It ended with a whimper rather than a roar. 

On Wednesday, the Florida Supreme Court, with zero fanfare, denied jurisdiction for the Kauffman appeal.  You can review the online docket here.  Just enter the case number as “SC11-661”.  This officially ends the appeal process for Kauffman.

You can read my analysis of the First DCA’s decision here and my prior analysis here.   I do not believe the Claimant’s bar was ever prepared to show the Court why a Claimant cannot find representation under the current statute.  The constitutional arguments still did not hold water.

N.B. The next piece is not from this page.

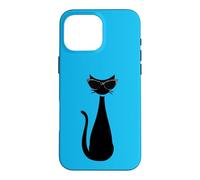 Atomic Lunettes œil de Chat Noir Coque pour iPhone 16 Pro Max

However, this is still a chance the Claimant’s bar could regroup and seek an appeal on what I call the “double edged sword of inequity” in the W/C statute that exists between the strict guideline fee against E/C’s and the statute that a Claimant attorney cannot contract a fee with his own client above the guideline, see s. 440.105(3)(c).  I wrote about this, back in July, 2009:

“The argument is this: if Claimant attorney is resigned to only being paid a paltry statutory fee by the Carrier (should he obtain the benefit for his client) then he can only seek a fee from his client.  However, his client cannot pay him more than the fee schedule allows, since the JCC cannot approve above guideline fees.  If he contracts with his client to pay more than the fee schedule, then he commits a crime.   So what we have here is a legal Catch-22 for Claimant attorneys and injured workers and this is where the argument for access to courts has teeth.

If a Claimant cannot pay his own attorney what the real world calls a reasonable fee (without breaking the law), and the attorney cannot get the Carrier to pay a reasonable fee then the Claimant will never find an attorney.”